ACTIVITY
The full listing should be written out verbatim, and its images should be dropped.

....

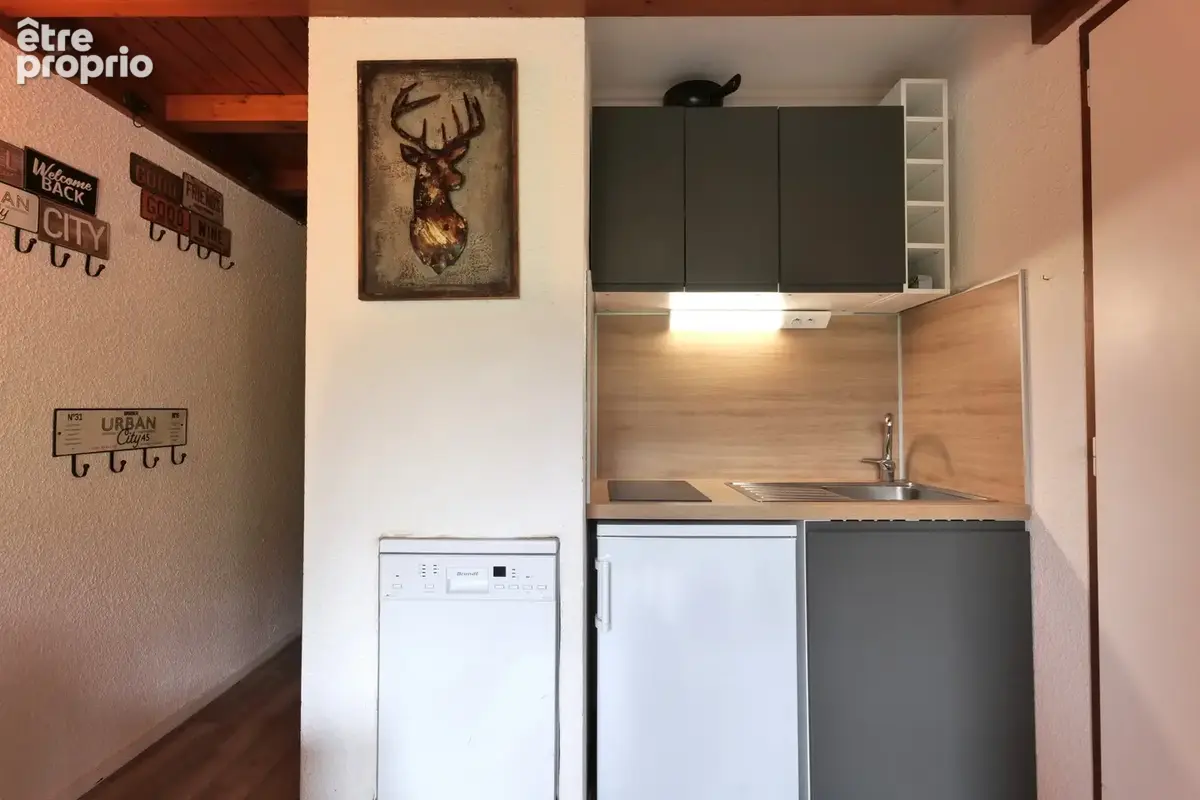Studio mezzanine - Vue Montagnes - photo 7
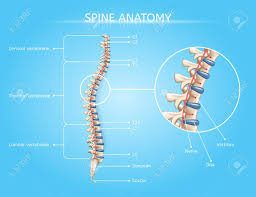Spine Anatomy Vector Medical Scheme With Vertebral Column Regions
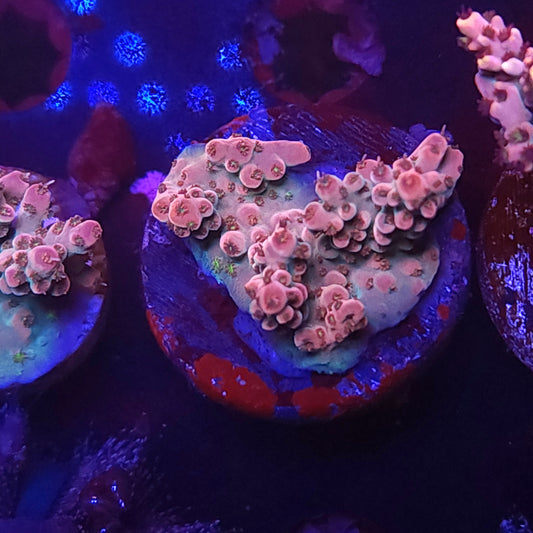 Strawberry Crema Acro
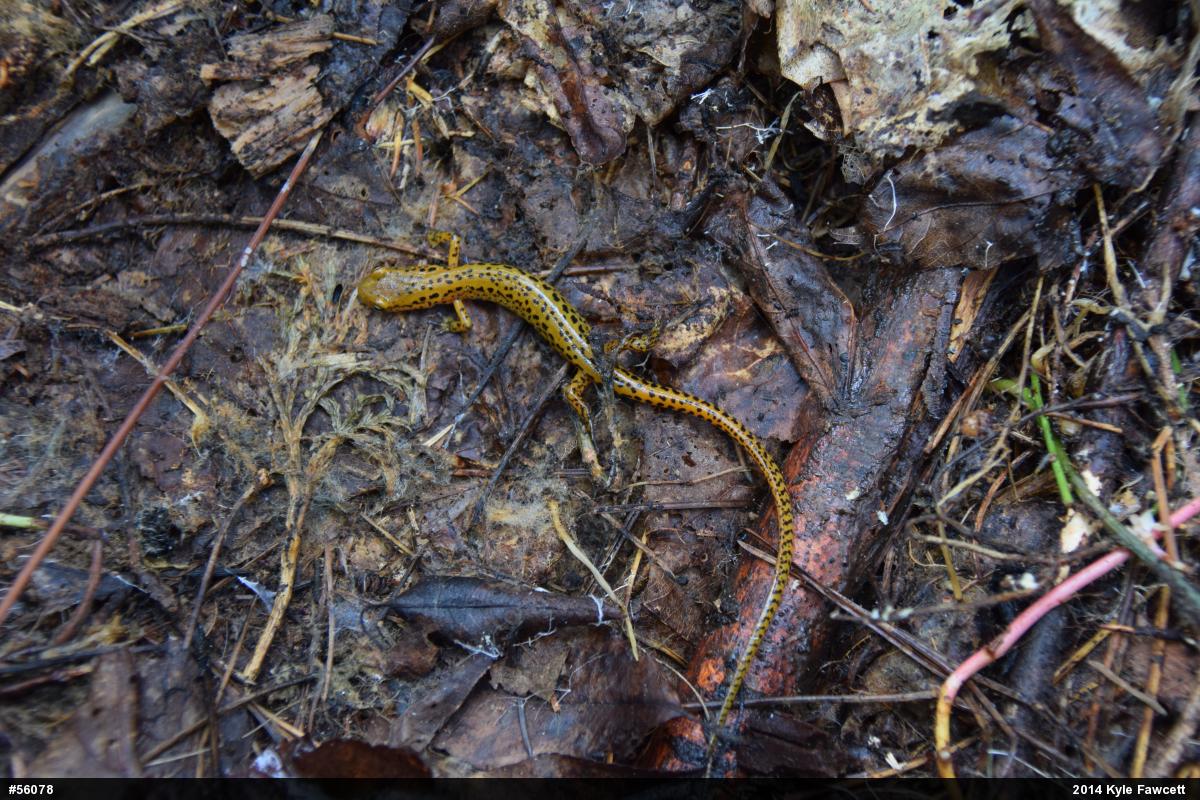 Eastern Long-tailed Salamander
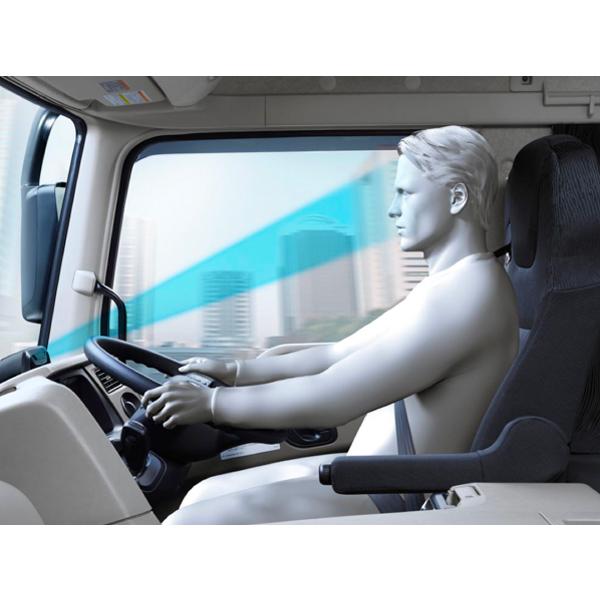 トラック 雅 17スーパーグレート用 マドンナ柄 ダッシュマット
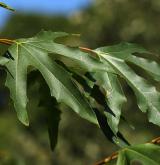 platan východní <i>(Platanus orientalis)</i> / List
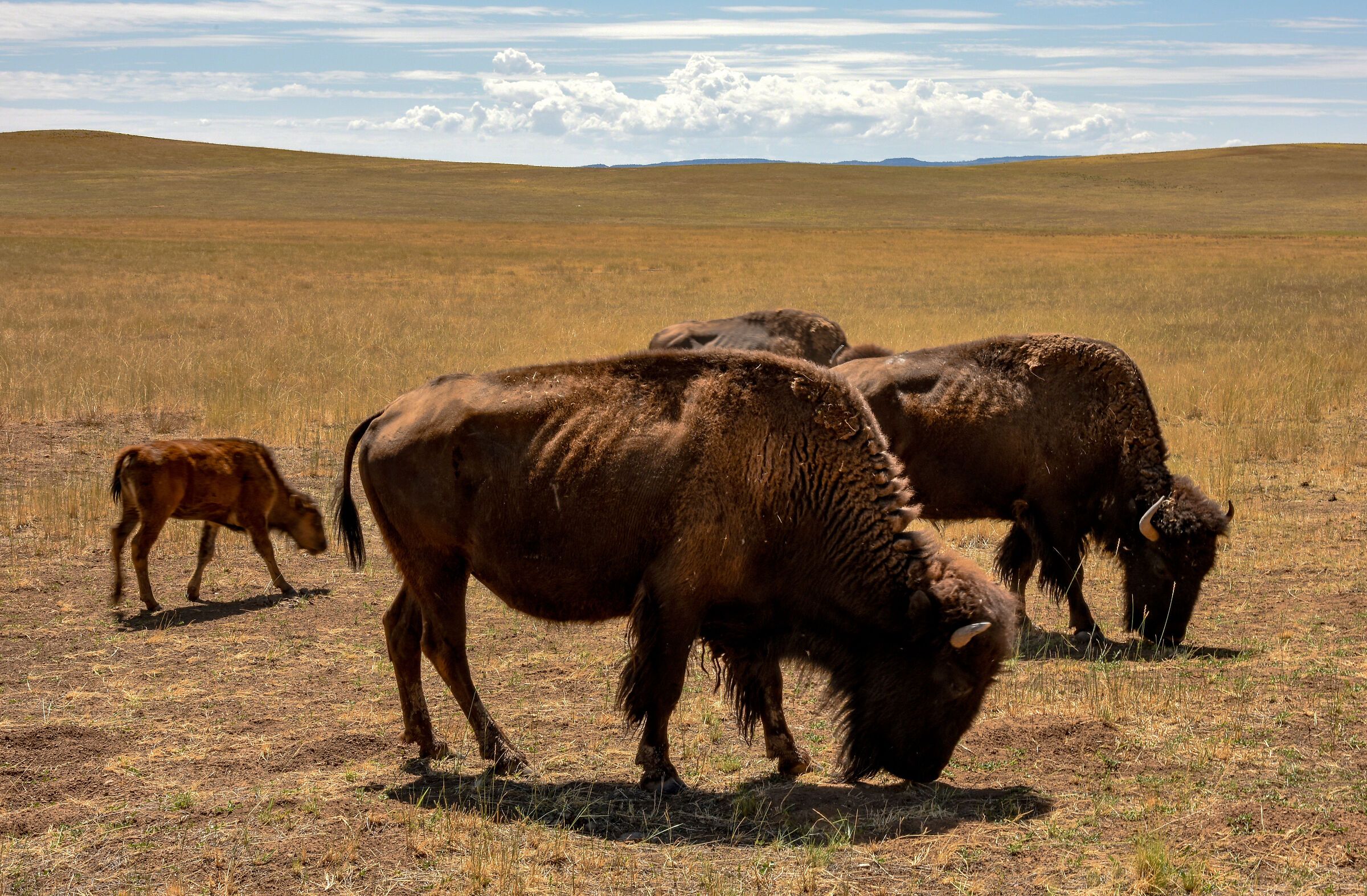Sulla strada per Las Vegas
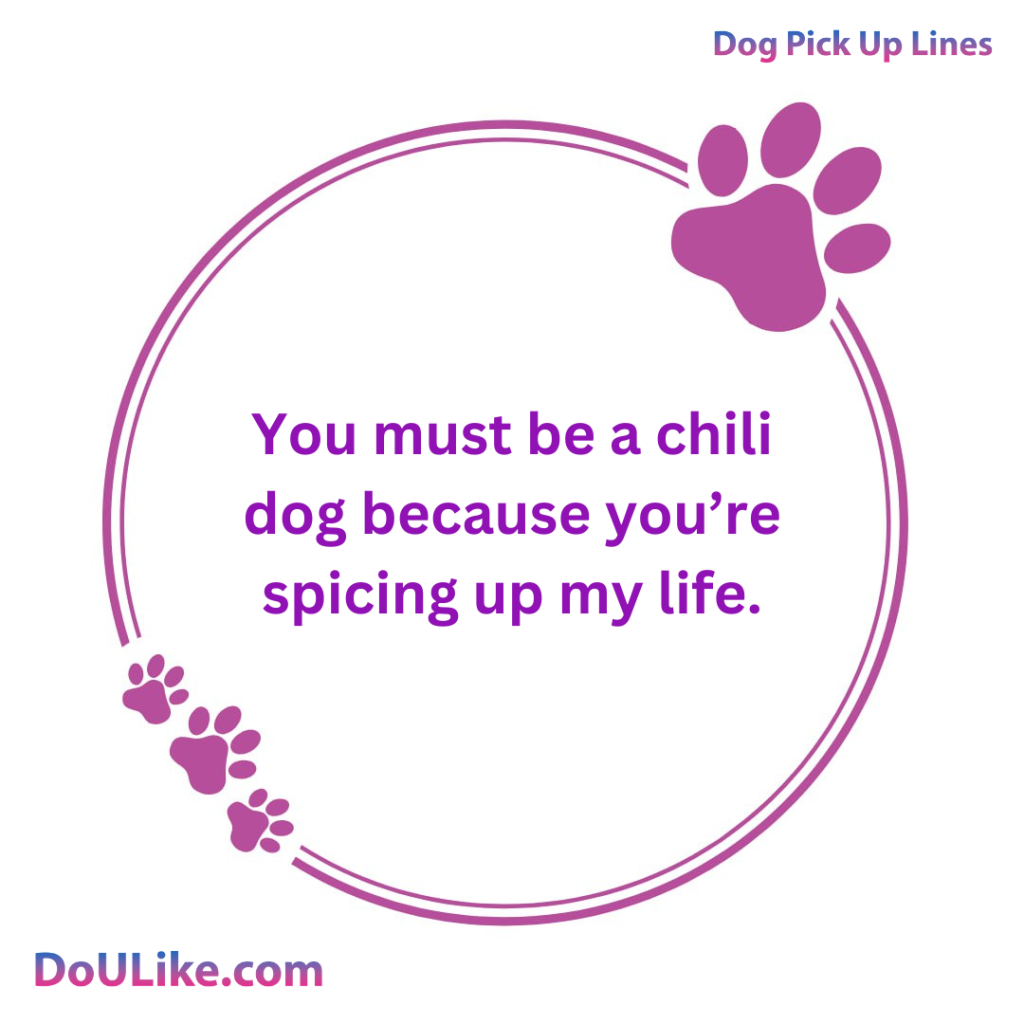 You must be a chili dog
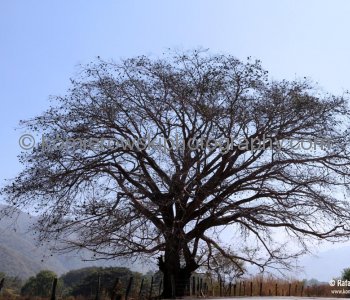 Oak tree in Sierra Madre Ocidental, Jalisco, Mexico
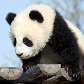 Urso panda de sete meses brinca na Áustria Urso panda de sete meses brinca na Áustria
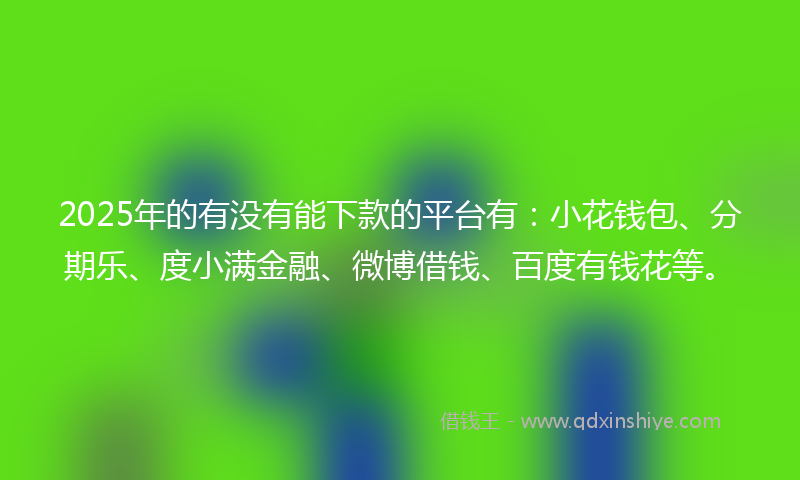 2025年的有没有能下款的平台有：小花钱包、分期乐、度小满金融、微博借钱、百度有钱花等。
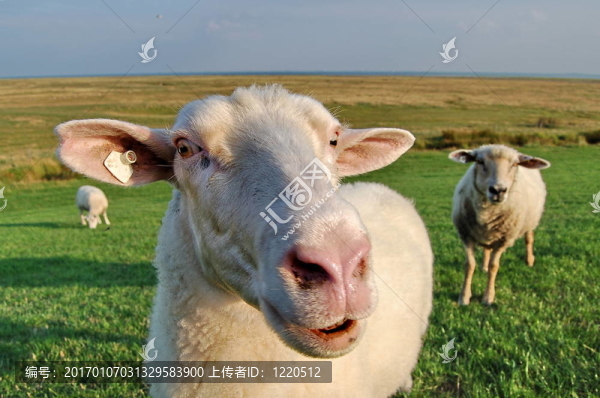 羊堤
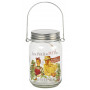 Lampe Led Mason Jar JARDINIER Natives déco rétro vintage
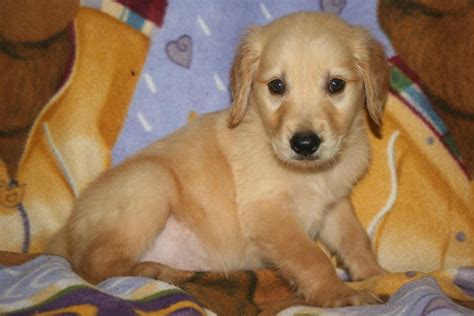 Stud service to approved bitches. Golden Retriever Puppies For Sale | Billings, MT #92483
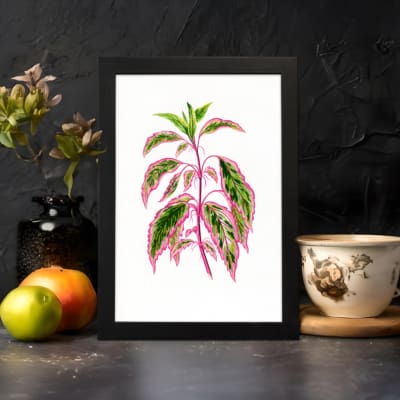 Botanical illustration of pink and green pointed leaves on a white background in vintage art style. displayed on the wall in a black frame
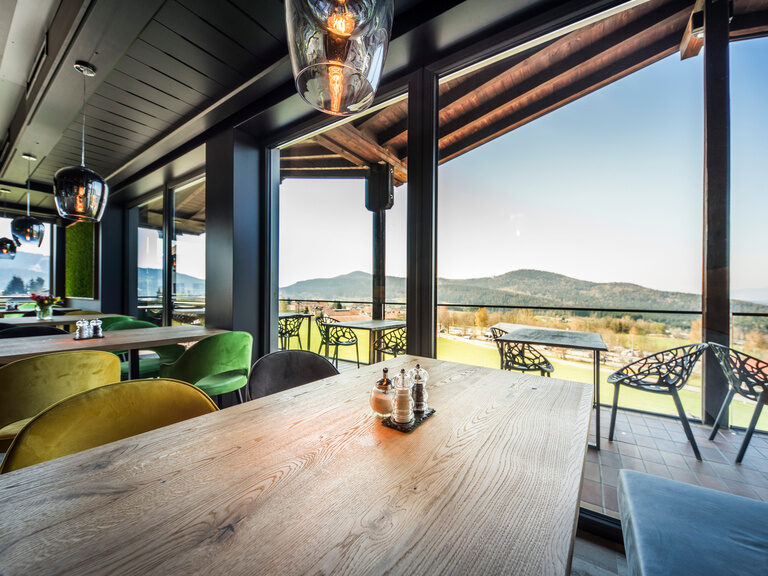 Aussicht aus dem Restaurant im natura Hotel auf den Bayerischen Wald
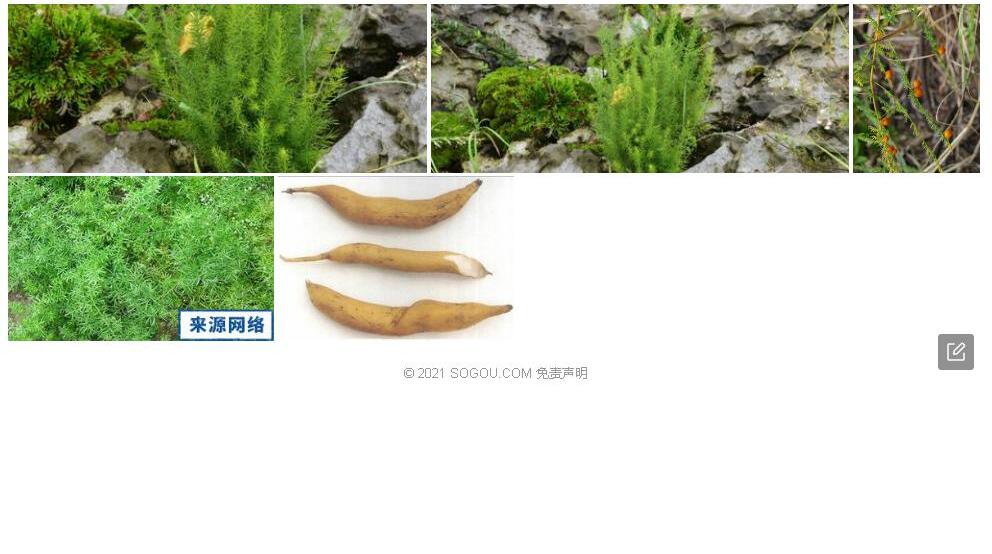 密齿天门冬照片和图片/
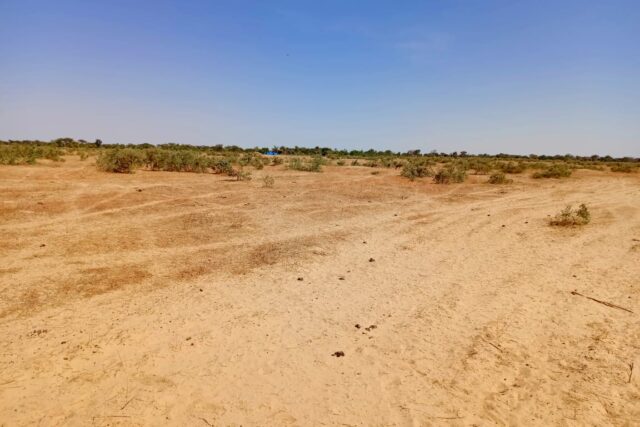 Terrain Agricole de 20 hectares vers Tassette – Thiès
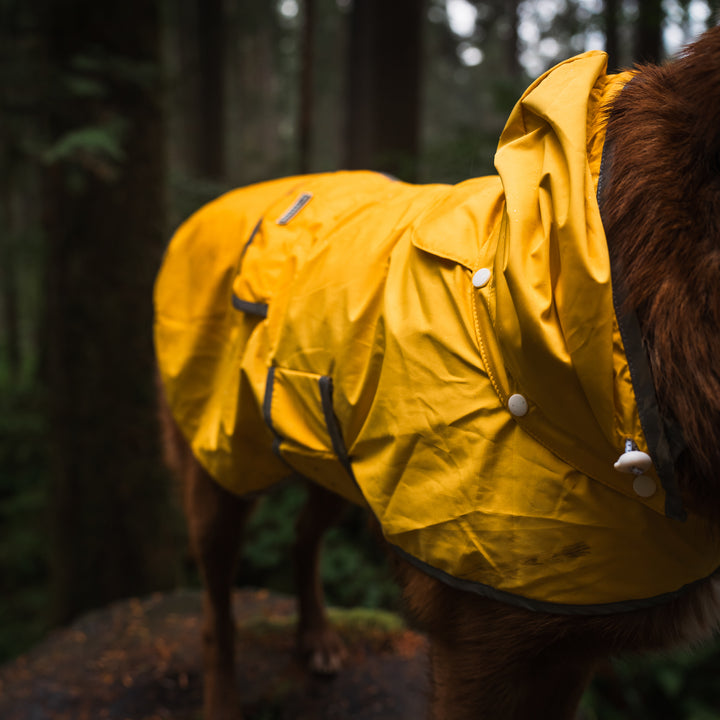best rain gear for dogs Dog Rain Jacket – Wilderdog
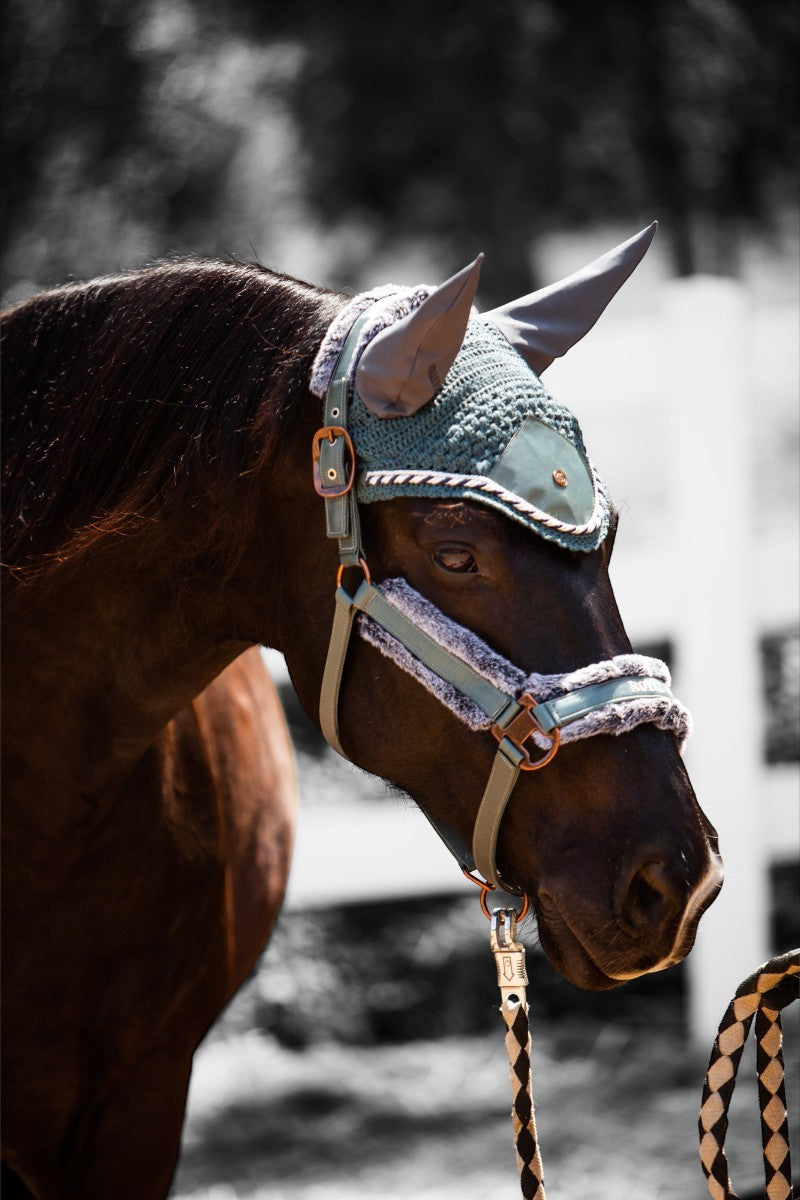 Royal Equestrian Premium Ear Bonnet Marine Full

....

REPLY
Studio mezzanine - Vue Montagnes - photo 7
Spine Anatomy Vector Medical Scheme With Vertebral Column Regions
 Strawberry Crema Acro
 Eastern Long-tailed Salamander
 トラック 雅 17スーパーグレート用 マドンナ柄 ダッシュマット
 platan východní <i>(Platanus orientalis)</i> / List
Sulla strada per Las Vegas
 You must be a chili dog
 Oak tree in Sierra Madre Ocidental, Jalisco, Mexico
 Urso panda de sete meses brinca na Áustria Urso panda de sete meses brinca na Áustria
 2025年的有没有能下款的平台有：小花钱包、分期乐、度小满金融、微博借钱、百度有钱花等。
 羊堤
 Lampe Led Mason Jar JARDINIER Natives déco rétro vintage
 Stud service to approved bitches. Golden Retriever Puppies For Sale | Billings, MT #92483
 Botanical illustration of pink and green pointed leaves on a white background in vintage art style. displayed on the wall in a black frame
 Aussicht aus dem Restaurant im natura Hotel auf den Bayerischen Wald
 密齿天门冬照片和图片/
 Terrain Agricole de 20 hectares vers Tassette – Thiès
best rain gear for dogs Dog Rain Jacket – Wilderdog
 Royal Equestrian Premium Ear Bonnet Marine Full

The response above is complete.